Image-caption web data
* * * * *

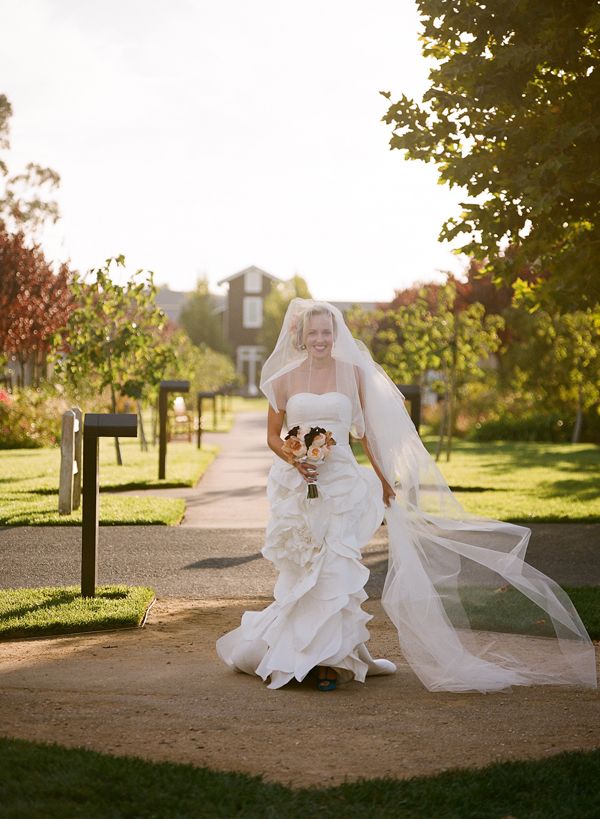camellia wedding gown carolina herrera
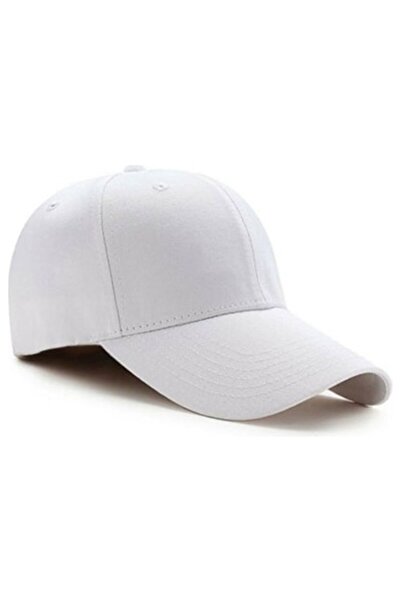 eleven market Λευκό αθλητικό καπέλο Unisex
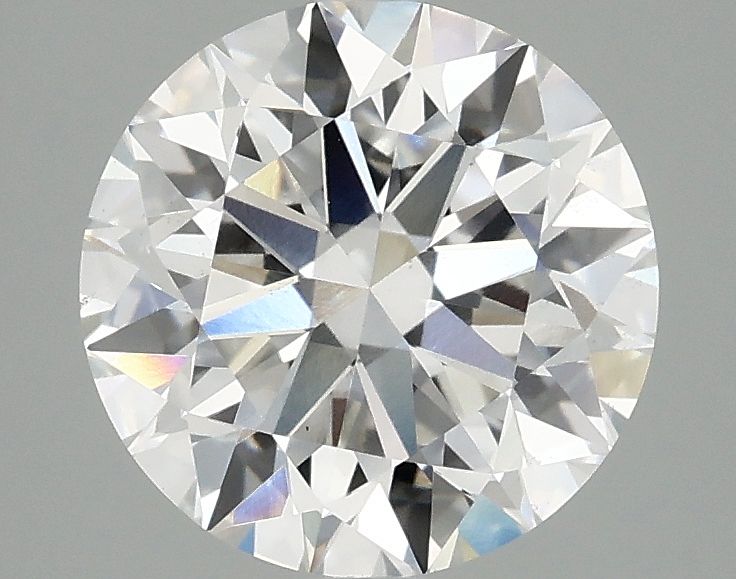 2.53 ct. round Lab Grown Diamond front image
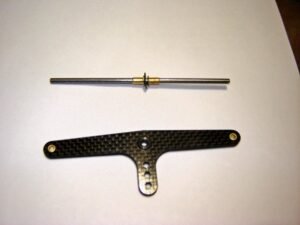 Balancim 4'' de Fibra de Carbono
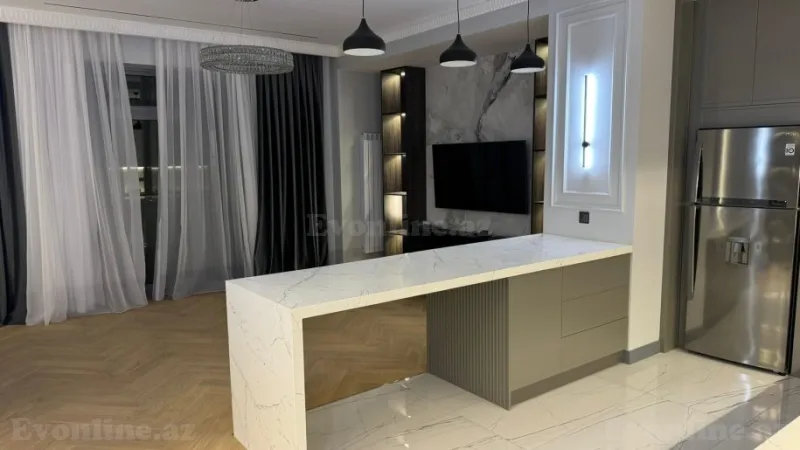 Satılır 2 otaqlı Mənzil Yeni tikili 102 m² İçərişəhər m. - şəkil 9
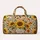 Golden Sunflower and Wildflower Garden for Bohemian Travel and Beach Getaways Quilted Weekend Bag - 6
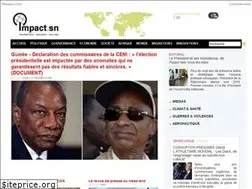 Sites similar to impact.sn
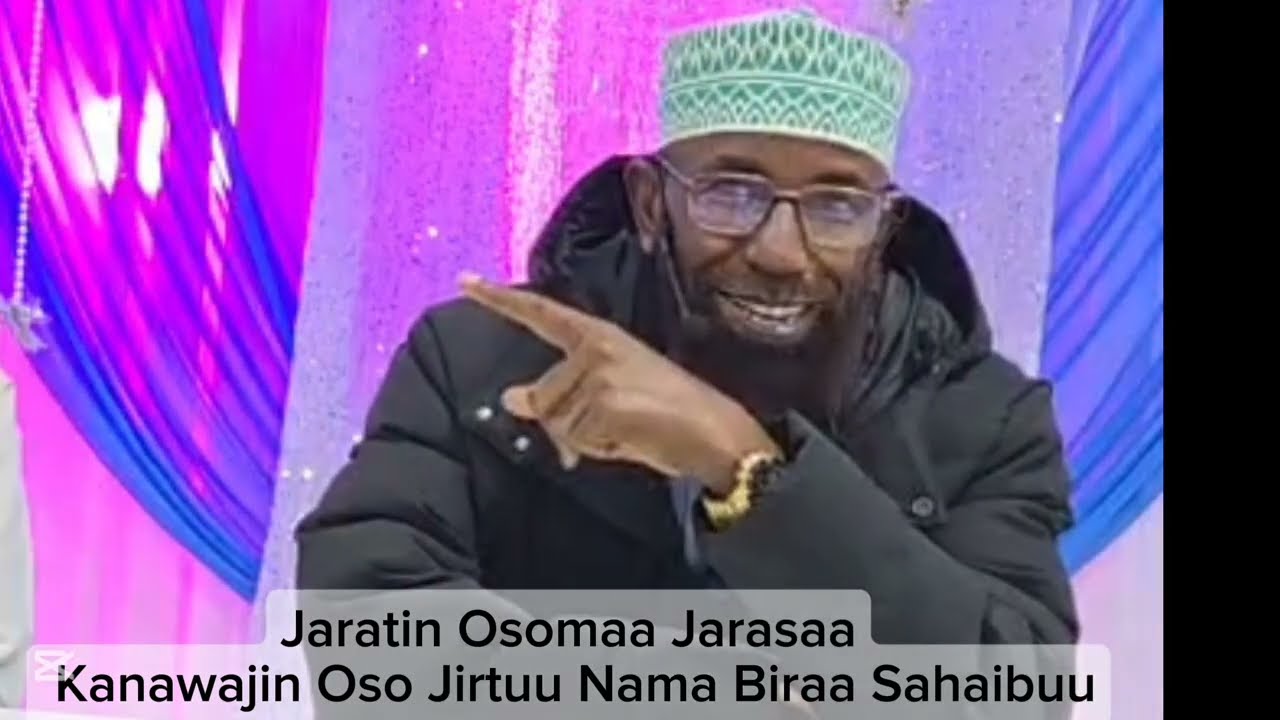 Sheikh Amin Ibro Siimanaa Canada Dhamasa Shamaran Jaratin Oso Abbaa Mana Qabduu 1 Jan 2025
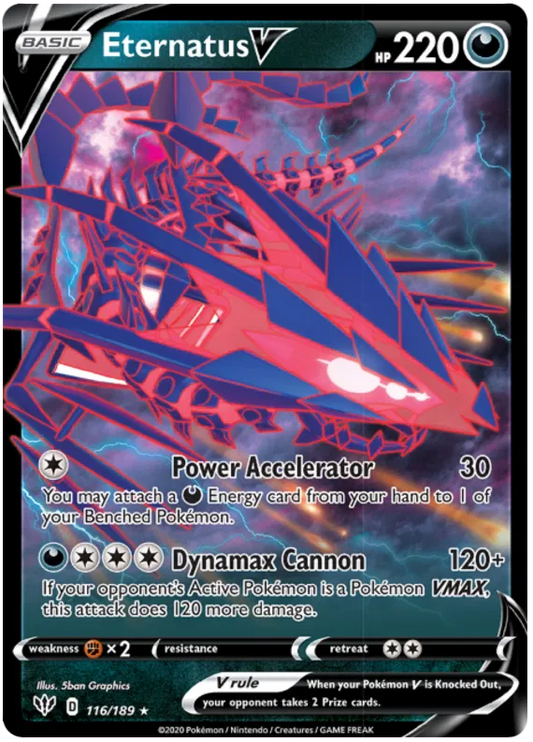 Eternatus V - Darkness Ablaze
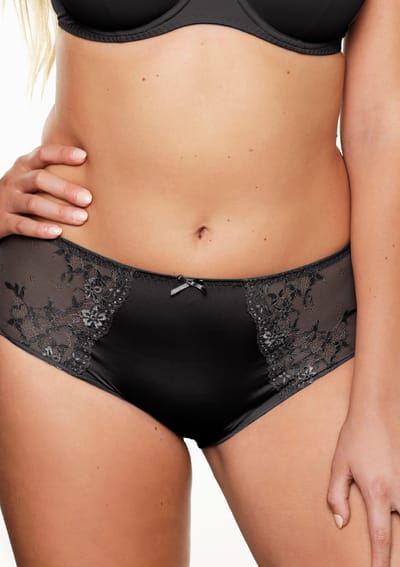 Lingadore – Daily – Tailleslip – 1400B-1 – Black - XL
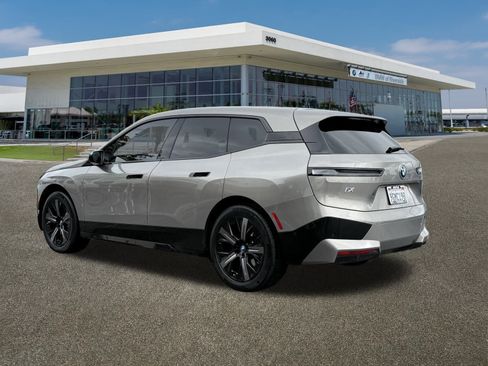 Certified 2023 BMW iX xDrive50 w/ Sport Package image 8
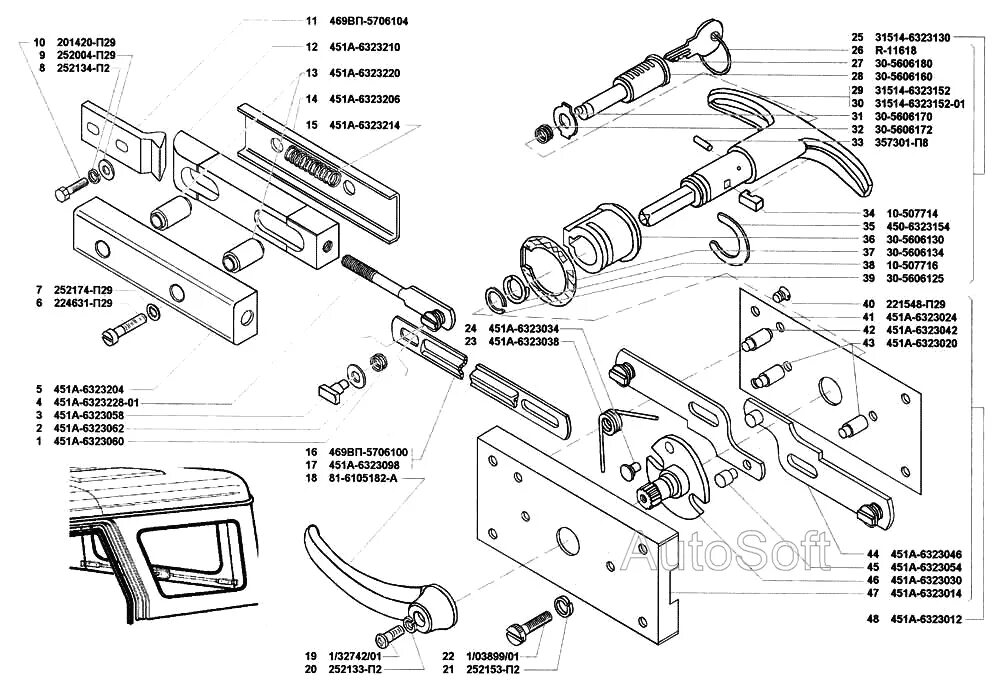 Замок задка двери УАЗ 31514. Двери задка УАЗ 469 схема. Замок двери задка УАЗ 469. Замок задней двери на УАЗ 31512.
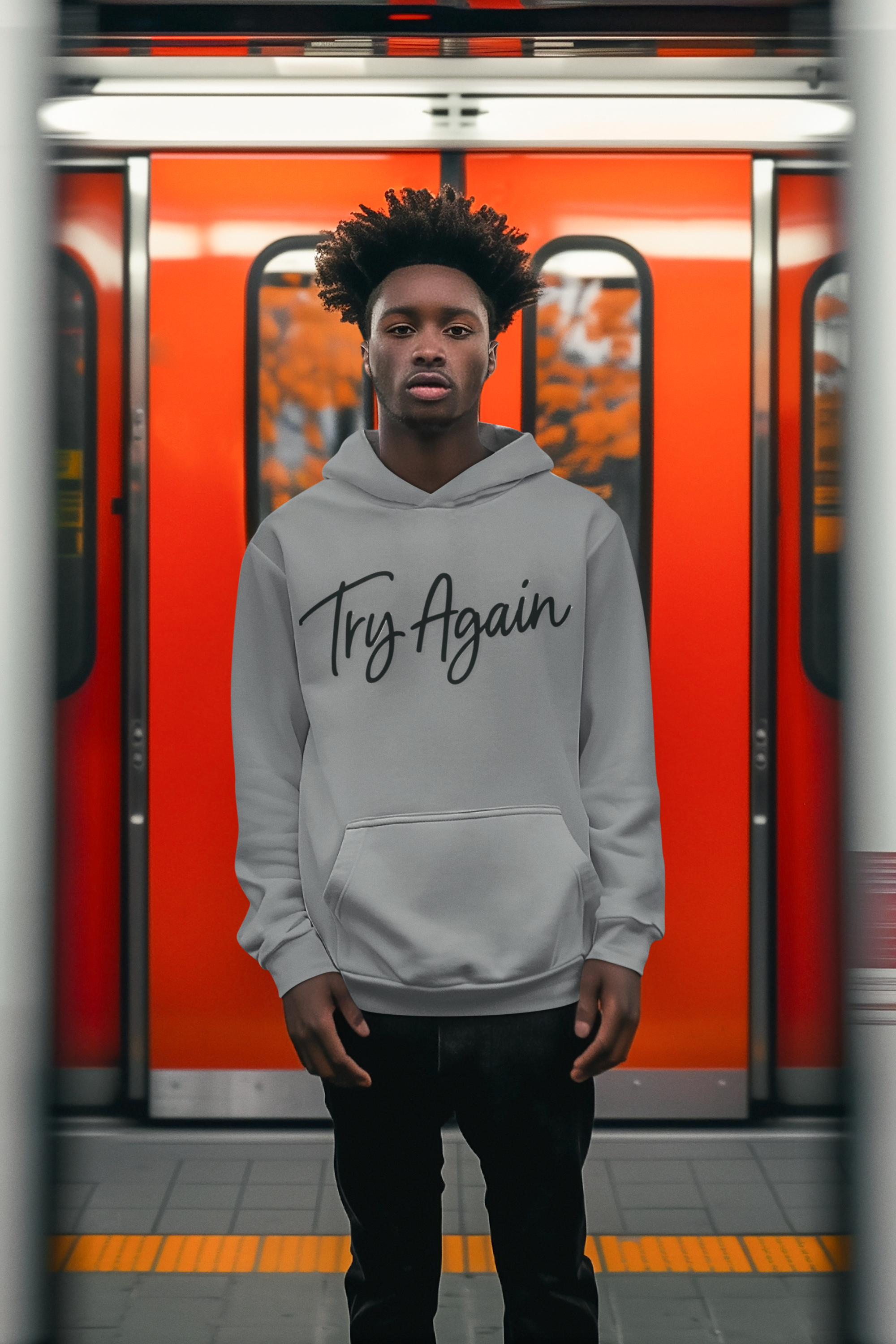 Try again hoodie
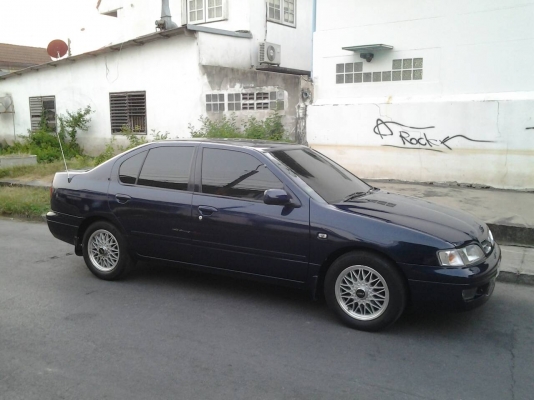 1997 NISSAN, PRIMERA 2.0,ถู๊กสุดในรุ่นจ้า,ภายในสภาพป้ายแดง,รถโครงสร้างเดิม,คานหน้าเดิม,แอร์เย็นฉ่ำ,พ.เพาเวอร์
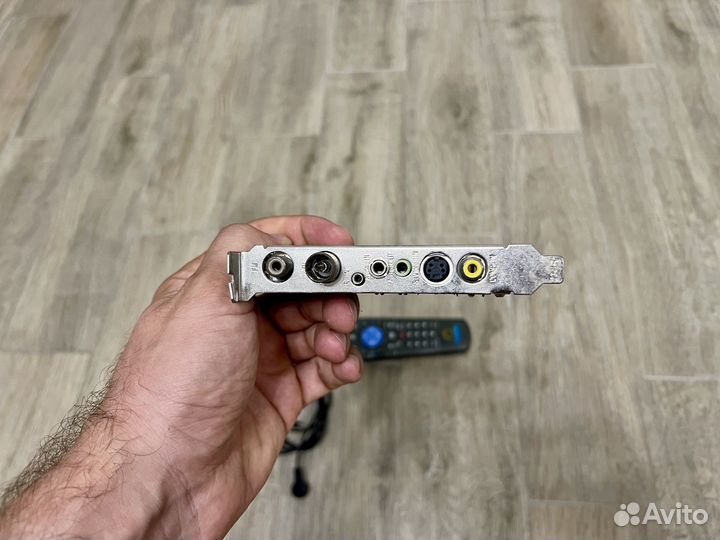 Тв-тюнер PCI для пк Compro VideoMate TV/FM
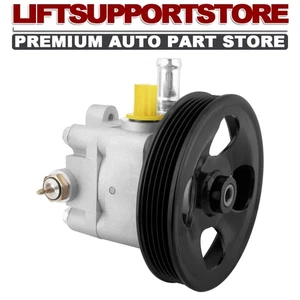 Power Steering Pump w/ Pulley For Suzuki SX4 2007 2008 2009 L4 2.0L 4911080J00 - Picture 1 of 8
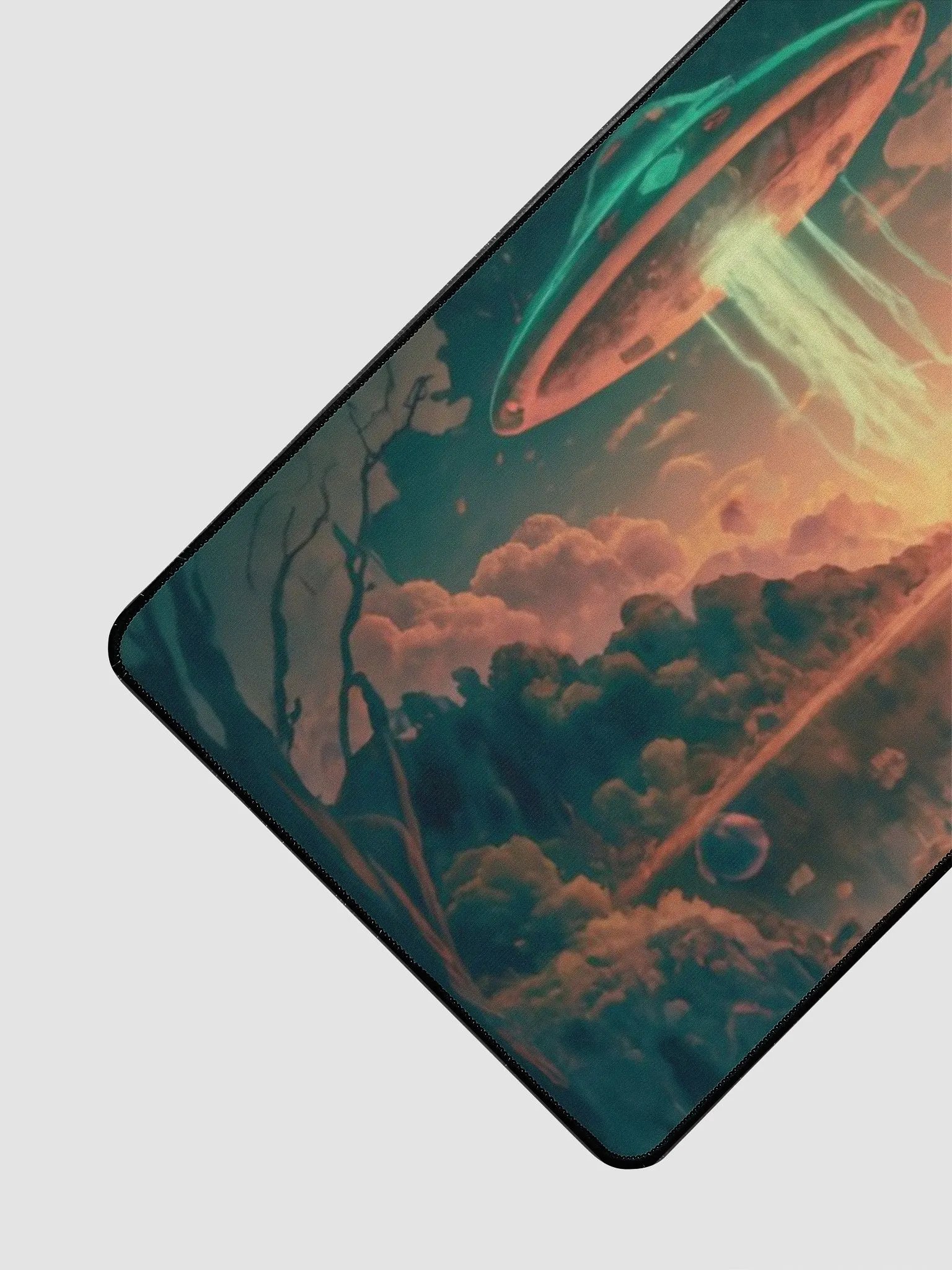 Twilight UFO Desk Mat product image (3)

* * * * *

== What to work on ==
All lines from the one containing "1997 NISSAN, PRIMERA" through the end of the data are to be written out exactly, with nothing added; skip the pictures.

== Solution ==
 1997 NISSAN, PRIMERA 2.0,ถู๊กสุดในรุ่นจ้า,ภายในสภาพป้ายแดง,รถโครงสร้างเดิม,คานหน้าเดิม,แอร์เย็นฉ่ำ,พ.เพาเวอร์
 Тв-тюнер PCI для пк Compro VideoMate TV/FM
 Power Steering Pump w/ Pulley For Suzuki SX4 2007 2008 2009 L4 2.0L 4911080J00 - Picture 1 of 8
 Twilight UFO Desk Mat product image (3)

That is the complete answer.